Return, unchanged and with no pictures, the lines below from the very first through the one that contains "Abbeville (Somme) —".

*** Data records ***

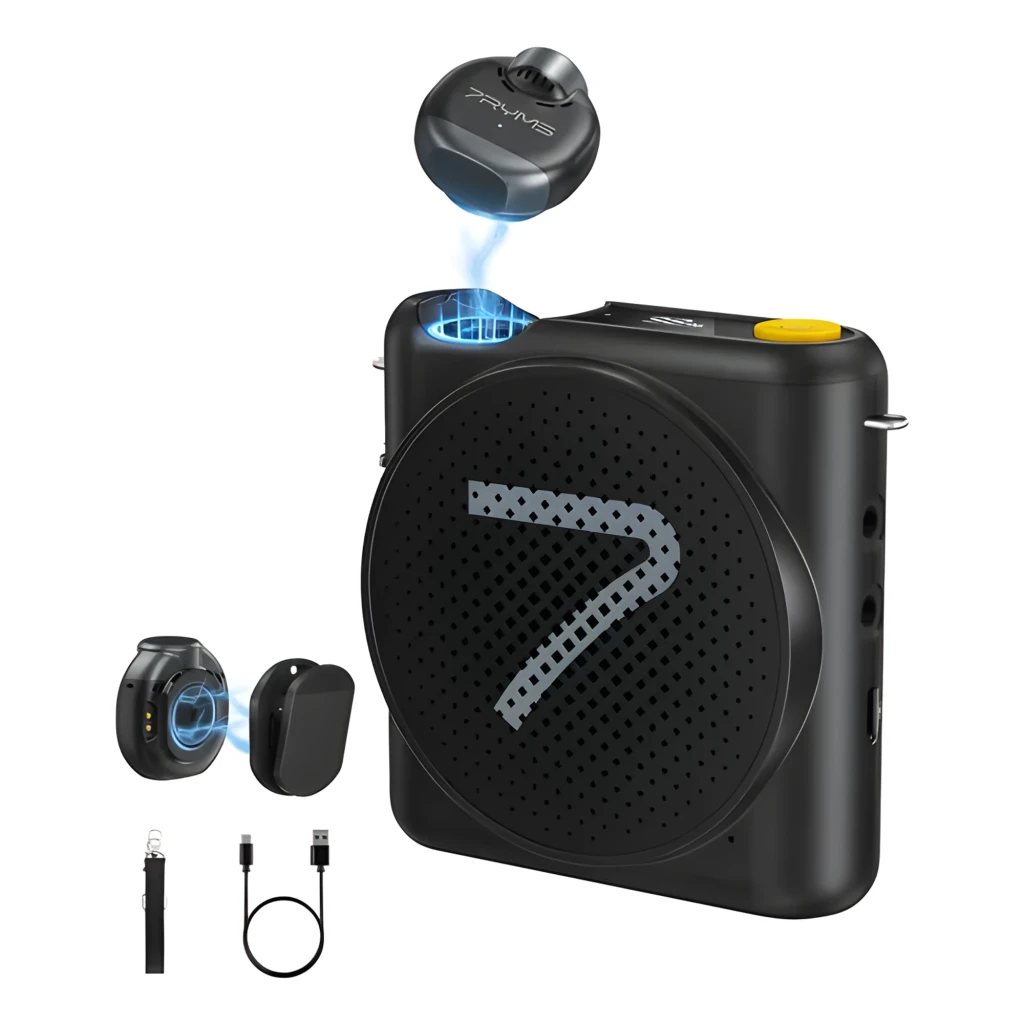 Altavoz portátil negro con rejilla perforada y número 7 en azul, control amarillo, pantalla superior y puertos laterales del amplificador de voz 7Ryms WA2 - Ítem1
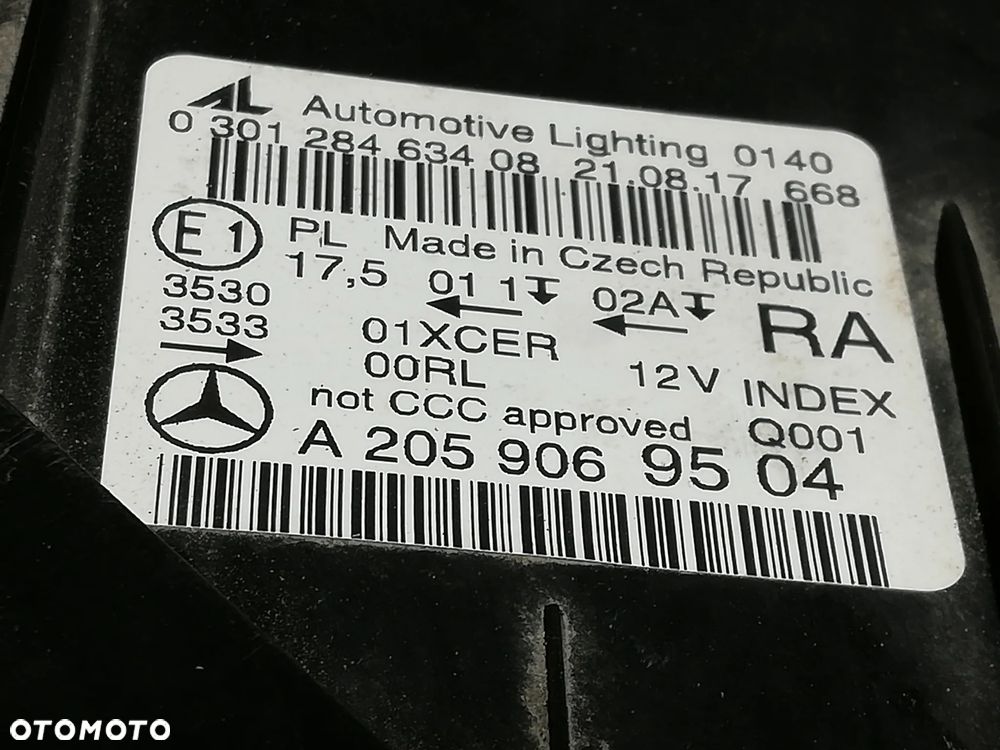 lampa przód prawa FULL LED MERCEDES BENZ W205 OE A 205 906 95 04 - 2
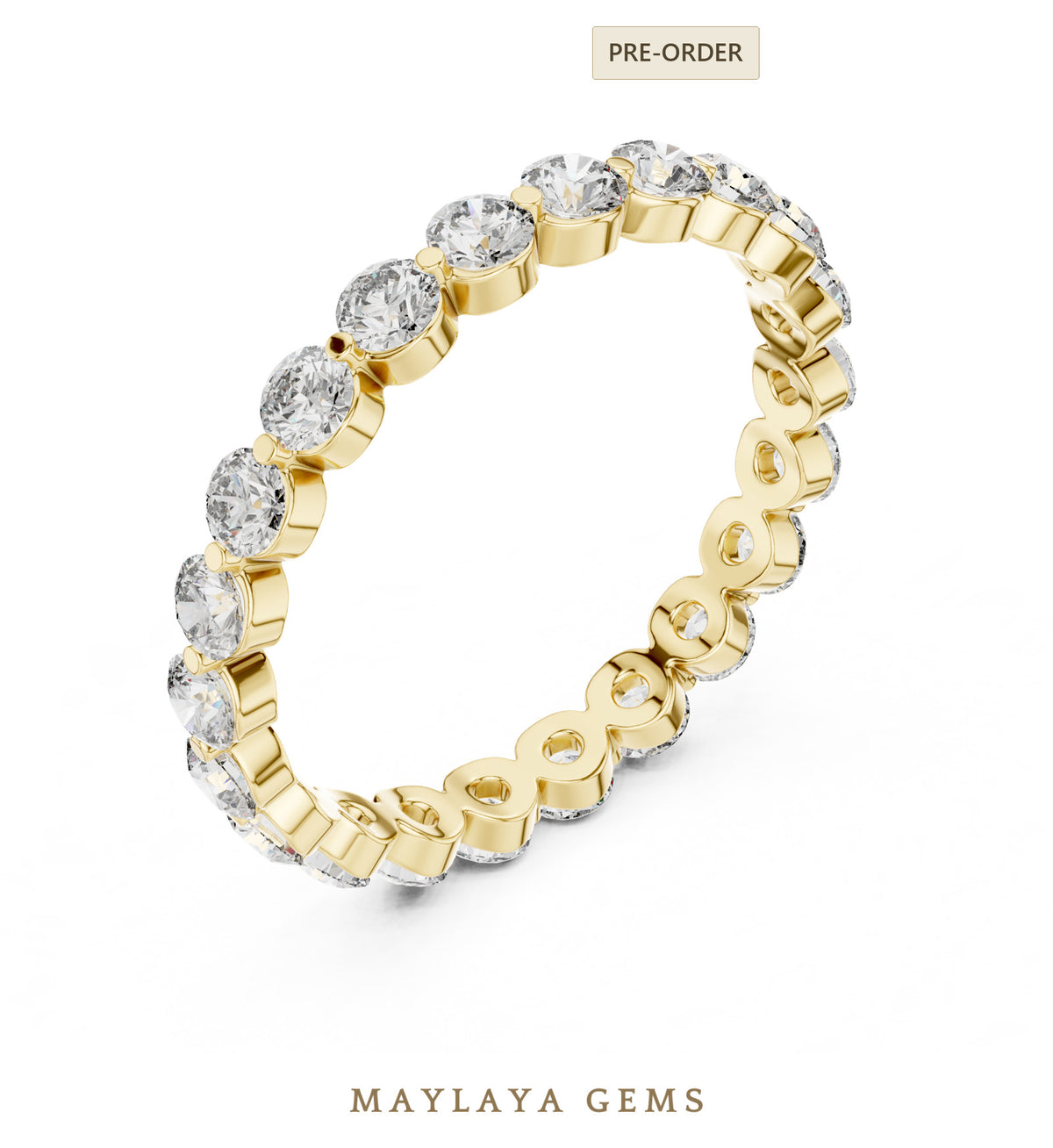 Maylaya gems round collet eternity band lab grown diamond band in yellow gold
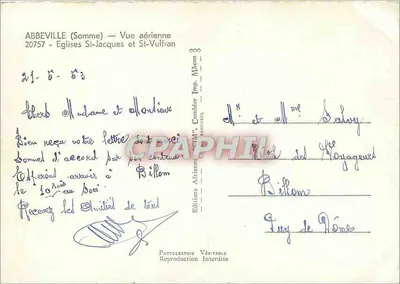 Abbeville (Somme) — Vista aérea — Igrejas St-Jacques e St-Vulfran — Edições Aéreas 'VÉRITABLE' n°20757 — Verso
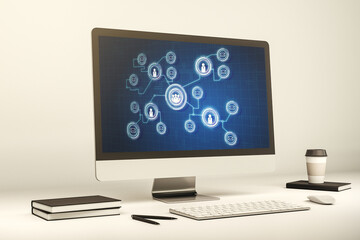 Modern computer display with social network icons concept. Networking concept. 3D Rendering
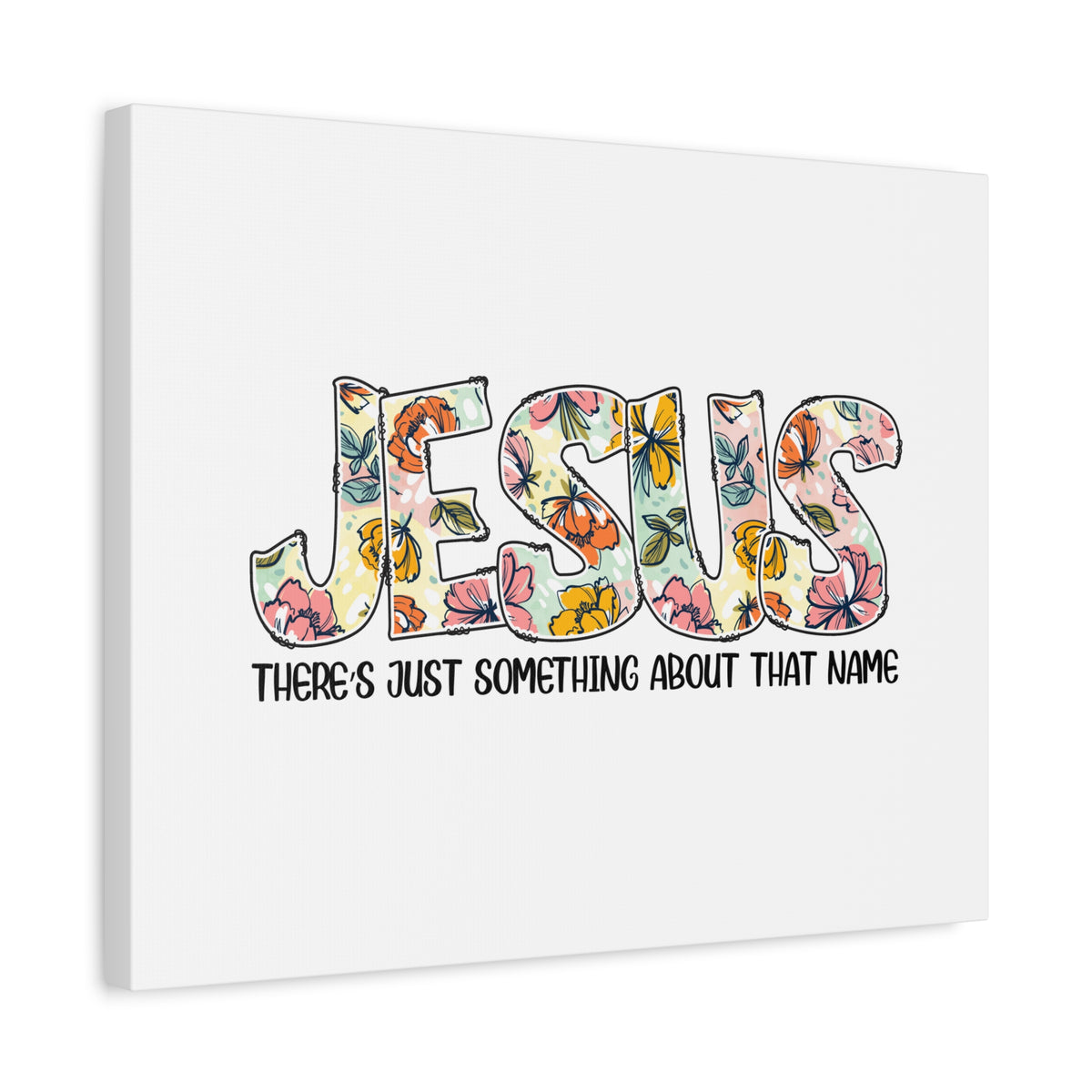 Scripture Canvas Jesus There's Just Something Hebrews 12:2 Flowers Christian Wall Art Bible Verse Print Ready to Hang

*** End of Data records ***

◆ **Problem solution**
 Altavoz portátil negro con rejilla perforada y número 7 en azul, control amarillo, pantalla superior y puertos laterales del amplificador de voz 7Ryms WA2 - Ítem1
 lampa przód prawa FULL LED MERCEDES BENZ W205 OE A 205 906 95 04 - 2
 Maylaya gems round collet eternity band lab grown diamond band in yellow gold
 Abbeville (Somme) — Vista aérea — Igrejas St-Jacques e St-Vulfran — Edições Aéreas 'VÉRITABLE' n°20757 — Verso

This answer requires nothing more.